As a parent, it can be tough to watch your daughter struggling to feel good about herself. That’s why I put together this guide on self-esteem for teen girls to help you understand what your daughter is going through and how you can support her.

What is self-esteem and why is it important for your teen daughter?

Simply put, self-esteem is the way we perceive ourselves. When we have healthy self-esteem, we can easily see our own worth. Self-esteem is what helps us identify and appreciate our strengths.  And it's what allows us to forgive ourselves when we make mistakes.

Self-esteem is the key ingredient that gives your teen the confidence to:

  • Try new things
  • Take pride in her work and accomplishments
  • Make healthy, positive choices

On the other hand, girls with low self-esteem may feel flawed or inferior to others or see themselves as unlovable or inadequate. The decisions they make often cause a further breakdown in their self-esteem and may look like:

  • Comparing themselves to others
  • Saying yes when they want to say no to please others
  • Relying on unhealthy coping mechanisms such as harmful eating habits, substance use, or staying in hurtful relationships

Strong self-esteem is an important part of your daughter’s health and well-being. It affects everything from relationships to setting and achieving goals.  Helping her improve her self-esteem is one of the best ways you can help your daughter live a happy and fulfilling life.

What low self-esteem looks like in teenage girls

If you have a teenage daughter with low self-esteem you may have noticed that she generally has a negative attitude about life. She might put herself down or talk badly about others.

Other signs of low self-esteem for teen girls include:

  • Losing interest in things she once loved
  • Difficulty making decisions
  • Struggling to get things done
  • Unwillingness to try new things
  • Fear of failure
  • Excessive worries or fear
  • People-pleasing tendencies
  • Unable to set or maintain boundaries

What causes low self-esteem in teens?

Low self-esteem can affect anyone at any age. But according to one study, teen girls in particular experience a significant drop in self-esteem between the ages of 11 and 14.

What’s behind this low self-esteem for teen girls? There are a few factors.

 First, the teen years are full of upheaval that can make teenagers especially susceptible to low self-esteem. From physical to emotional, mental, hormonal, and social changes – you could say that there is more change than stability in a teenager’s life.   

These changes can make your daughter’s moods more unpredictable than ever. As a result, she may find it difficult to understand and communicate why she’s feeling the way she does. She might even feel ashamed of what she’s feeling, which reinforces the self-doubt and criticism she’s experiencing.

At the same time, your teen is also naturally starting to develop her independence. She may avoid asking for help, no matter how much she’s struggling. This causes her to feel more isolated and alone, making it even harder for her to ask for help.

Bullying, academic challenges, and mental health issues can further damage your daughter's self-esteem.

 With all of this to navigate, it’s no wonder so many teenage girls have low self-esteem.

What can parents do to support healthy self-esteem for teen girls?

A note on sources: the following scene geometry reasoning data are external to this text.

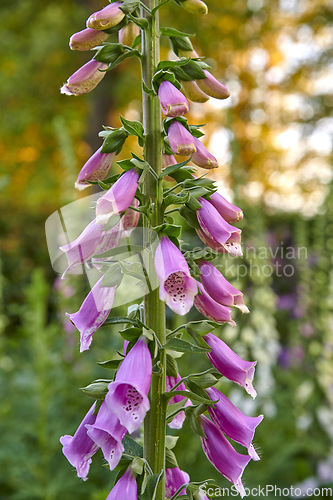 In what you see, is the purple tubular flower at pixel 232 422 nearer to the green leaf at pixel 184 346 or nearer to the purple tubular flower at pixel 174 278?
the green leaf at pixel 184 346

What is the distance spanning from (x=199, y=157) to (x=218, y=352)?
0.46 meters

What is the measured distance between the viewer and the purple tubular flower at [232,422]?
1.14 m

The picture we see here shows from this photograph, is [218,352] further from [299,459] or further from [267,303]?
[299,459]

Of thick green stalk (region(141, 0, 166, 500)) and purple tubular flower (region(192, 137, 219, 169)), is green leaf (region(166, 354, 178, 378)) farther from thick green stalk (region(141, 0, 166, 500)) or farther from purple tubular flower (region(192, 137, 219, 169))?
purple tubular flower (region(192, 137, 219, 169))

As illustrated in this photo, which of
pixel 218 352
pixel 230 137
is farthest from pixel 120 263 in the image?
pixel 230 137

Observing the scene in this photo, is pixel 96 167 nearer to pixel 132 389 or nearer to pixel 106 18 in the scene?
pixel 106 18

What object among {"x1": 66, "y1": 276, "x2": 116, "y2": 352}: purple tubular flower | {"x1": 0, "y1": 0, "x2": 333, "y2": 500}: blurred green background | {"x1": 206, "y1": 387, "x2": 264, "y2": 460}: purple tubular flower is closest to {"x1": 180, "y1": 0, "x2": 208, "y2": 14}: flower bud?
{"x1": 66, "y1": 276, "x2": 116, "y2": 352}: purple tubular flower

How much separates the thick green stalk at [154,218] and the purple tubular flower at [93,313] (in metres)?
0.09

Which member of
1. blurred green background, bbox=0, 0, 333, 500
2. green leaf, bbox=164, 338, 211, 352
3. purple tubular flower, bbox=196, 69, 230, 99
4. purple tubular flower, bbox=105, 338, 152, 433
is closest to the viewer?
purple tubular flower, bbox=105, 338, 152, 433

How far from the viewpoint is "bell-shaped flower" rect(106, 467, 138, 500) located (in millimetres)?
1025

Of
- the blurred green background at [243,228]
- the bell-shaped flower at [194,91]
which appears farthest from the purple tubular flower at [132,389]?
the blurred green background at [243,228]

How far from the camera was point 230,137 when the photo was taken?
4.45 m

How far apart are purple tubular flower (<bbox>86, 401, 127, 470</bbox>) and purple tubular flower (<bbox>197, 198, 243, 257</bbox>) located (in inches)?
16.9

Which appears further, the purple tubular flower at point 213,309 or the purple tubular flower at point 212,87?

The days when you could praise your daughter and get a huge smile in return may be over (hello, shrugs and eye-rolling!). But there are still ways to boost your daughter’s self-esteem. Here are a few things to try.

Be her safe space

Your daughter is dealing with significant internal and external pressure. She needs a safe place to unpack and unlearn negative actions and reactions. Encourage her to share by offering her a judgment-free zone, where she is free to express herself. Helping her explore her options and encouraging her to make her own decisions will help your daughter build self-trust.

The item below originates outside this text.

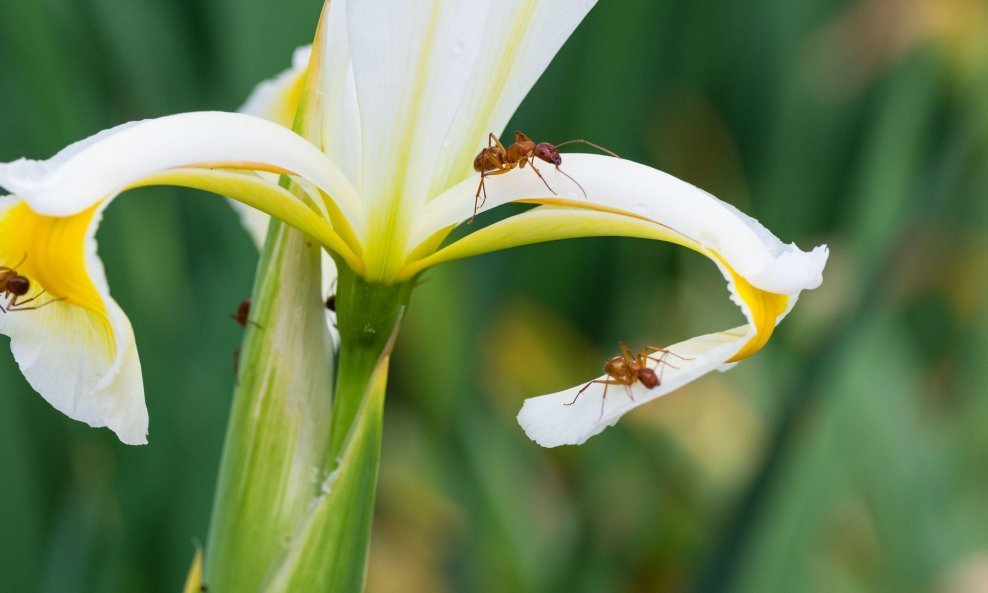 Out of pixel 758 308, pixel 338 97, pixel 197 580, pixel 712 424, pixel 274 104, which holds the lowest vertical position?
pixel 197 580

Give her freedom – with boundaries

Allow your daughter to explore her new independence. It's a natural way to build her confidence and self-esteem. But, she’s still learning, so make sure to set and enforce clear and healthy boundaries and provide guidance when things go off track.

Give her opportunities to try – and fail

Encourage your daughter to try new things. And, if she fails at something, don’t rescue her, or focus on what she did wrong. Instead, remind her that it’s okay when things don’t go as planned. You can encourage her to use it as an opportunity to learn by helping her identify:

  • What she did right
  • What she can learn from the experience
  • How she can keep moving forward

Teach her healthy strategies to understand and manage her emotions

The teen years are full of confusing and ever-changing emotions. Help your daughter navigate her feelings by teaching her healthy coping techniques such as:

Pay attention to your behavior

How often do you criticize your daughter? If you find yourself pointing out her flaws more than you’re paying attention to her strengths, make an effort to focus on the positive. Make it a point to discover one positive thing to praise your daughter for daily.

Also, tune in to how often you are negative or critical in general. Do you say hurtful things about yourself or others in front of your daughter? Do you do things that diminish your or others’ well-being?

Modeling healthy self-esteem is one of the most important things you can do for your daughter. Take the time to become more aware of how you express yourself. If there’s room for improvement, commit to taking the necessary steps to strengthen your own self-esteem and self-expression.

More resources to help your daughter develop positive self-esteem

In my book, Jump-Start Your Confidence and Boost Your Self-Esteem, I discuss in detail how your daughter can overcome her fear and self-doubt and build strong self-esteem. This book and the Companion Journal have been written with your daughter in mind, but many parents tell me they too have benefited from reading the book. So why not check it out – you just might learn some tips to build your confidence and self-esteem while helping your daughter at the same time!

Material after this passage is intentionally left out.